Keduanya dijadwalkan bertemu pada 29 September. Pertandingan tersebut menarik perhatian karena hanya berselang beberapa pekan setelah Vietnam mengalahkan Thailand di final Piala ASEAN.

Bagi Vietnam, dominasi atas Thailand dalam dua edisi terakhir tentu menjadi modal psikologis. Namun, justru kondisi tersebut yang ingin diantisipasi oleh Madam Pang.

Thailand kini memiliki kesempatan menguji apakah regenerasi yang mereka bangun mampu mengubah peta persaingan.

Di sisi lain, Indonesia berada di Grup A bersama Bangladesh, Malaysia, dan Singapura. Sebagai salah satu tuan rumah turnamen, Indonesia memiliki jalur persaingan yang berbeda dari duel Thailand dan Vietnam, tetapi perkembangan kedua tim tersebut tetap penting untuk dicermati.

Jika Indonesia mampu melangkah jauh, bukan tidak mungkin persaingan dengan salah satu dari dua kekuatan tradisional Asia Tenggara itu kembali terjadi di fase berikutnya.

Pelajaran untuk Indonesia

Situasi Thailand juga menjadi gambaran tantangan yang dihadapi Indonesia. Persaingan sepak bola Asia Tenggara kini tidak lagi hanya soal sebelas pemain utama, melainkan seberapa dalam sebuah negara memiliki pilihan pemain berkualitas.

Thailand mulai memperbanyak pemain muda yang mendapat pengalaman di tim nasional.

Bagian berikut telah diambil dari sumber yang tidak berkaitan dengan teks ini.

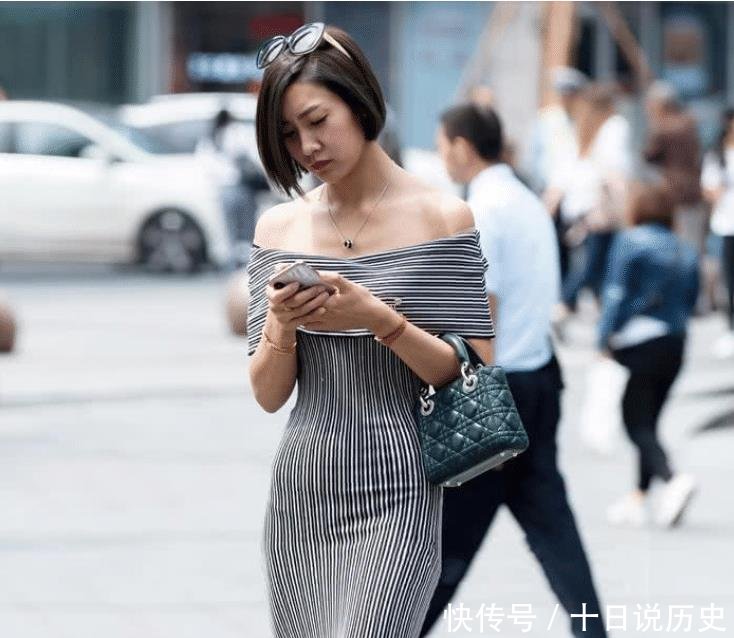  「线条美」街拍演绎线条美的女子，曼妙的身姿，凹凸有致特迷人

Vietnam juga terus mempertahankan fondasi skuad yang dalam beberapa tahun terakhir berhasil mengungguli Thailand.

Timnas Indonesia melalui pelatih John Herdman pun membutuhkan kedalaman serupa jika ingin bersaing secara konsisten di level regional.

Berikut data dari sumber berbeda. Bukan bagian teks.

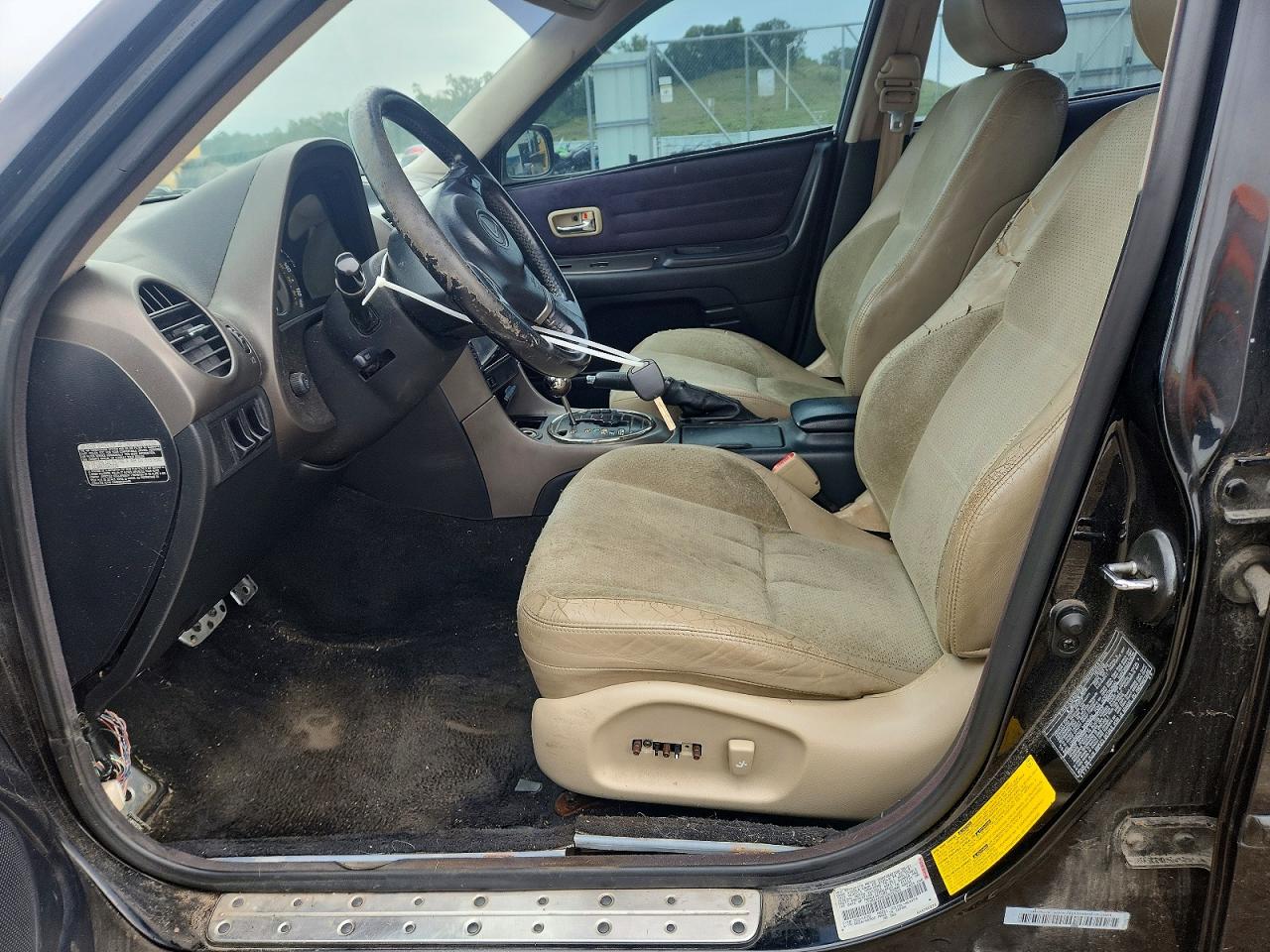 2001 Lexus Is 300 Black vin: JTHBD182010032309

Turnamen di Indonesia nanti bukan hanya kesempatan bagi skuad Garuda untuk memanfaatkan status tuan rumah.

Kompetisi tersebut juga menjadi ujian terhadap kualitas regenerasi, kedalaman skuad, serta kemampuan Indonesia menghadapi lawan-lawan dengan karakter berbeda.

Terlebih, jadwal sepak bola internasional dan klub yang semakin padat membuat sebuah tim tidak bisa selamanya bergantung pada pemain inti.

Thailand tampaknya sudah membaca persoalan tersebut. Kekalahan dari Vietnam justru dijadikan kesempatan untuk menemukan lebih banyak opsi pemain.

Bagi Indonesia, pesan itu layak dicermati.

Sebab, jika Thailand dan Vietnam datang dengan skuad yang semakin matang, tuan rumah harus memastikan dirinya tidak hanya mengandalkan keuntungan bermain di depan pendukung sendiri.

Piala ASEAN FIFA 2026 akhirnya bukan sekadar panggung perebutan trofi. Bagi Indonesia, turnamen ini juga menjadi ujian apakah Garuda mampu berdiri sejajar dengan dua kekuatan tradisional Asia Tenggara yang kembali mempertajam rivalitas mereka.